So it’s February and sometimes I think people forget that it’s Black History Month.
It’s already Feb. 19, and I haven’t heard of any events planned for Black History Month on campus. Being the news editor, I generally hear of almost every event or at least see it on the event calendar on Gannon’s portal. It doesn’t seem like I missed the memo though because there were never any events.
Now I know there was Unity Week, but I think that is about embracing all groups, people and organizations on campus.
I recently thought about this issue when I was watching “The Butler” for the first time. “The Butler” is a movie based on real events of an African-American man who witnesses notable events, such as the civil rights movement of the 20th century, and several presidencies while he serves as a butler in the White House.

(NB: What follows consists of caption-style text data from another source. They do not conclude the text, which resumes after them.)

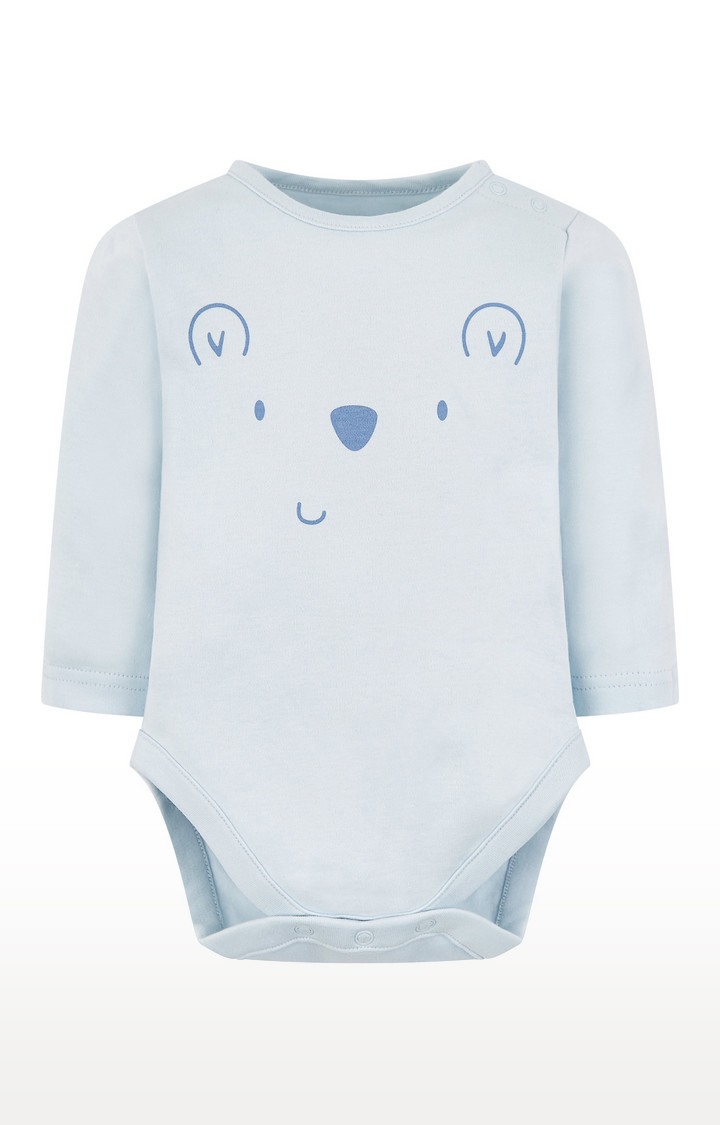 My First Blue Bear Bodysuit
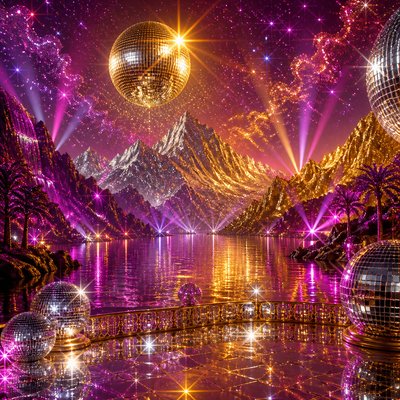 Disco Aesthetic 2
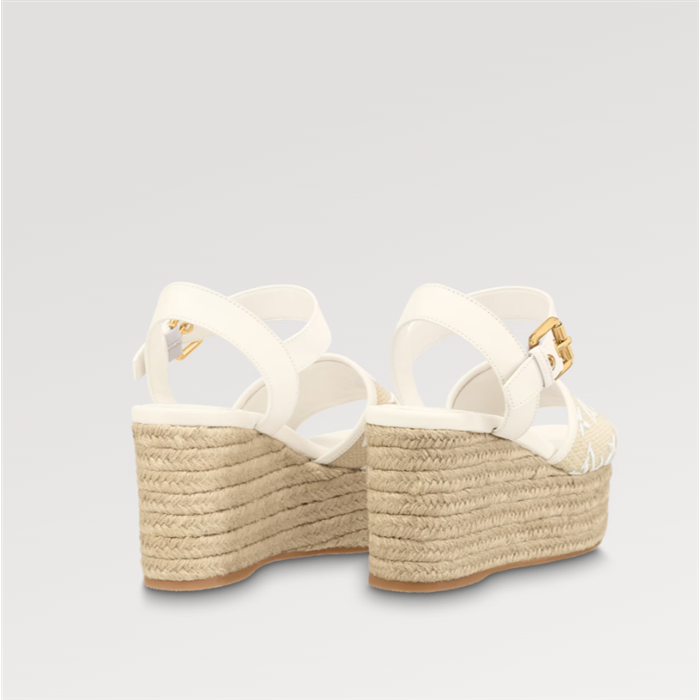 Louis Vuitton | LOUIS VUITTON Starboard Wedge Sandal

I went through several emotions throughout the film – depression, nausea and exhaustion – from the emotional roller coaster.
The civil rights movement seems like something everyone has learned about since they were in second grade. But for some reason, every year, it stills has a strong effect on me. That’s probably why I’m upset about this situation.
We – students – get so excited when we don’t have class on Martin Luther King Jr. Day, but do we really consider why we get that day off or why Dr. King is so important to us? What he did and sacrificed just to receive human rights that all Americans are given today?
It’s hard to not get wrapped up in having a day off from class – we all need that day off. But each year, I notice a little less passion in people during February as we celebrate equal rights.
I love embracing other races, especially during Black History Month. Dr. King is an iconic leader who deserves more than the whole month of February.
Hearing about all of the struggles and horrific stories about racism and yet the peaceful approaches that many African-Americans took is so inspiring and life changing.
I come from a suburb that is very diverse – much like Erie – and I think that’s what made me who I am today. I enjoy taking in other cultures and being around people from numerous races and cultures.
It’s upsetting when people can’t see eye-to-eye with other races or cultures. You can easily embrace other races as well as maintain your own. It’s just hard for me to understand why people are unaccepting and ignorant because I’ve never been that way.
You can leave a conversation with a person of a different race or culture and have gained an inimitable understanding of a race that you once thought you knew.
It’s difficult for one to accept more than one perspective because we’re so used to our own, but you are merely broadening your own.
Gannon does a good job at embracing other races and cultures, but this year for Black History Month, the university fell short.